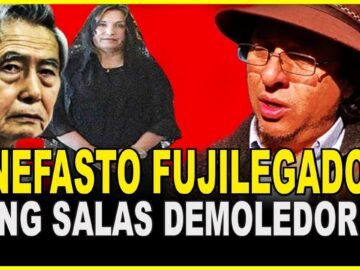 🔴DINA DECRETA 3 DIAS DE FUJIDUELO ! HABLA EL ING. FERNANDO SALAS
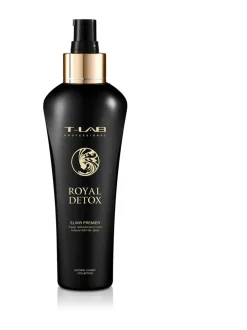Royal Detox Elixir Premier -hoitava kiiltoseerumi 150ml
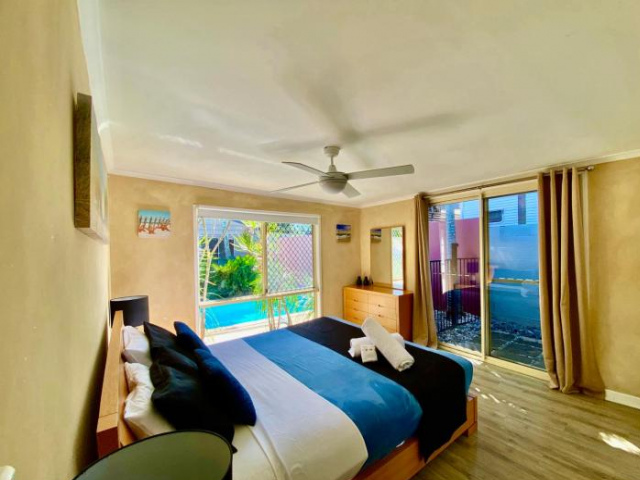 Surf Club Retreat, Pet Friendly, Sunshine Coast, Marcoola - Marcoola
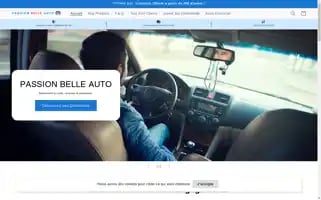 Passion-belle-auto.com Screenshot 2024-05-02 07:47:29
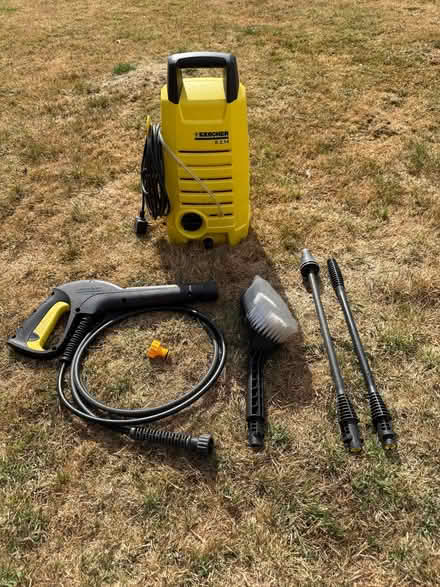 Photo of free Karcher Pressure Washer (Spring Park CR0) #1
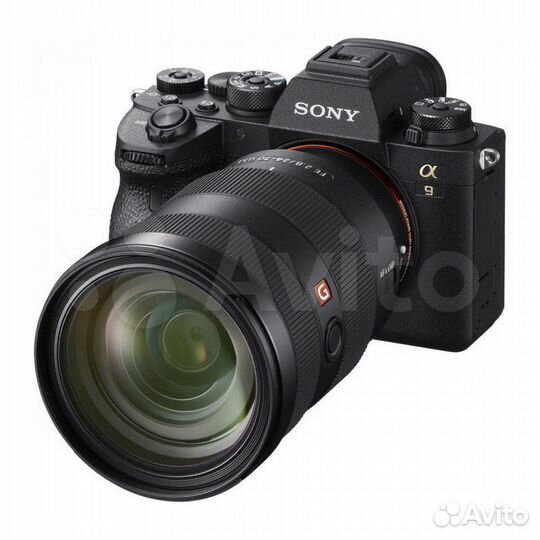 Sony Alpha a9 II (ilce-9M2) Body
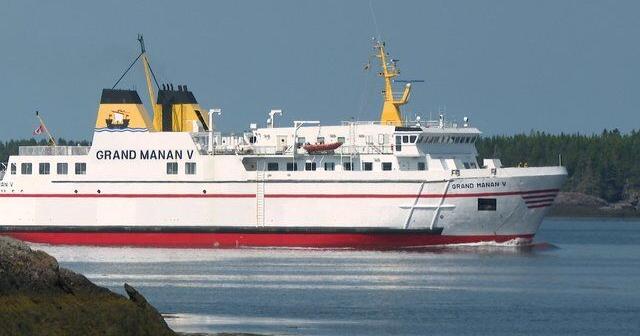 Grand Manan renews call for vessel replacement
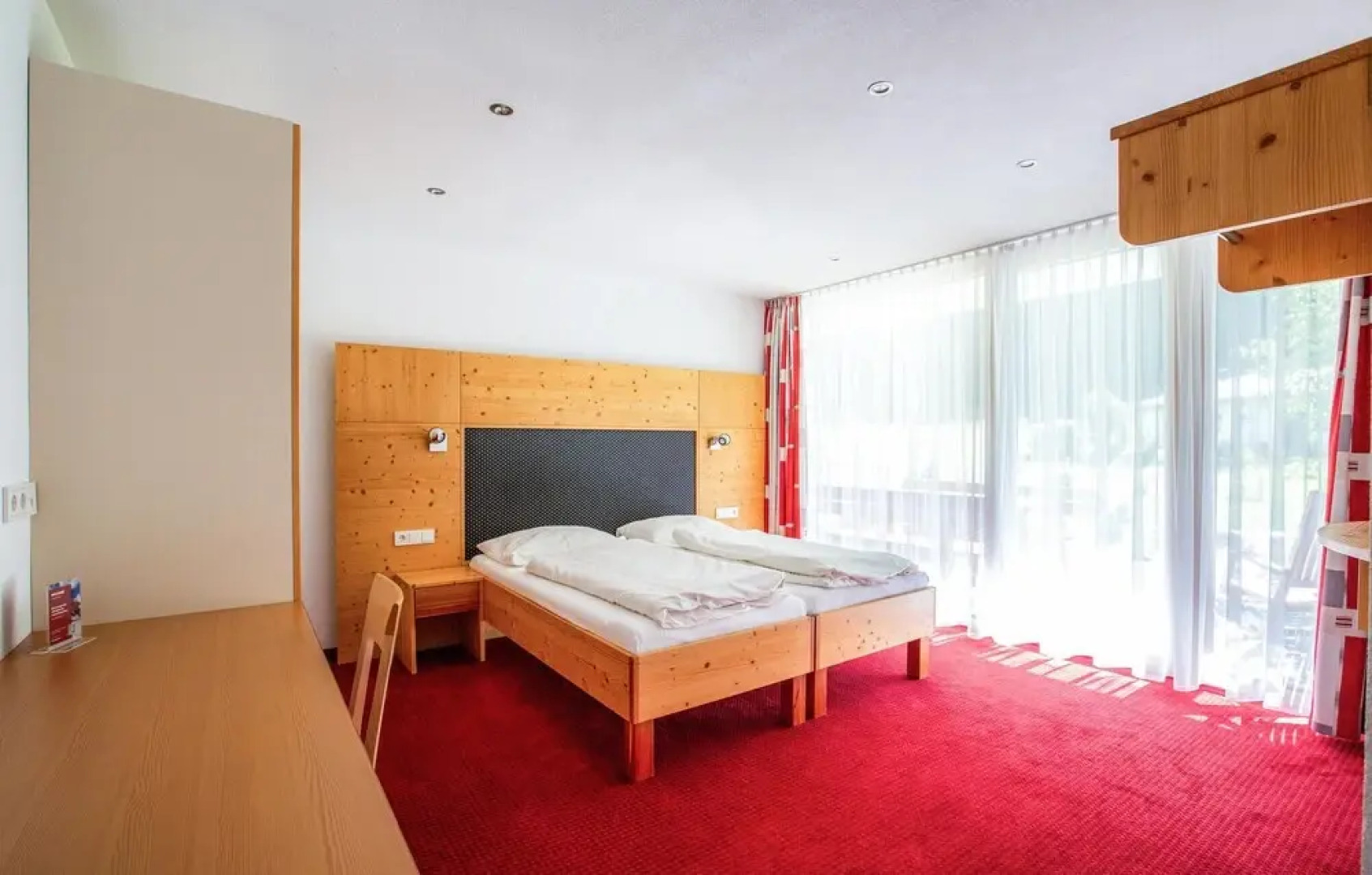 Beautiful Apartment in Klösterle With 2 Bedrooms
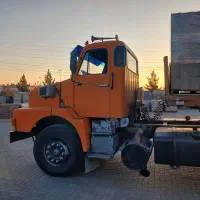 ولوو عراقی مدل ۱۳۵۷|خودرو سنگین|نظرآباد, نظرآباد|دیوار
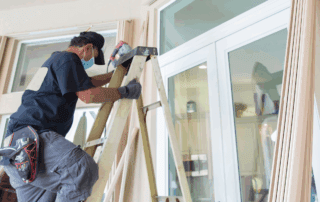 Window Replacement in Prairie Village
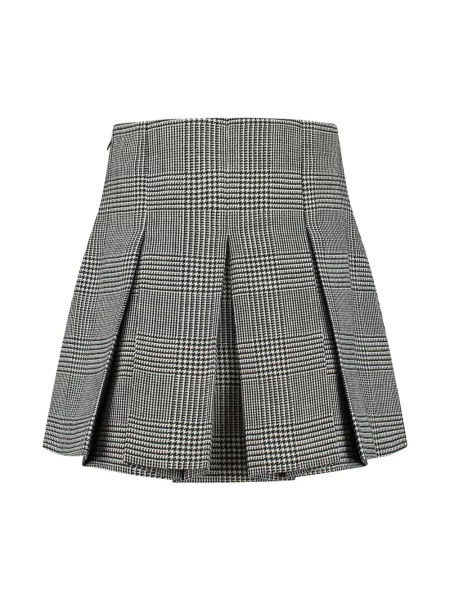 Spódnica mini dziecięca Dolce And Gabbana czarna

▶ [WHAT THIS TASK INVOLVES]
Exclude all images and retype the data precisely.

▶ [ANSWER BOX]
 🔴DINA DECRETA 3 DIAS DE FUJIDUELO ! HABLA EL ING. FERNANDO SALAS
Royal Detox Elixir Premier -hoitava kiiltoseerumi 150ml
 Surf Club Retreat, Pet Friendly, Sunshine Coast, Marcoola - Marcoola
 Passion-belle-auto.com Screenshot 2024-05-02 07:47:29
 Photo of free Karcher Pressure Washer (Spring Park CR0) #1
 Sony Alpha a9 II (ilce-9M2) Body
 Grand Manan renews call for vessel replacement
 Beautiful Apartment in Klösterle With 2 Bedrooms
 ولوو عراقی مدل ۱۳۵۷|خودرو سنگین|نظرآباد, نظرآباد|دیوار
 Window Replacement in Prairie Village
 Spódnica mini dziecięca Dolce And Gabbana czarna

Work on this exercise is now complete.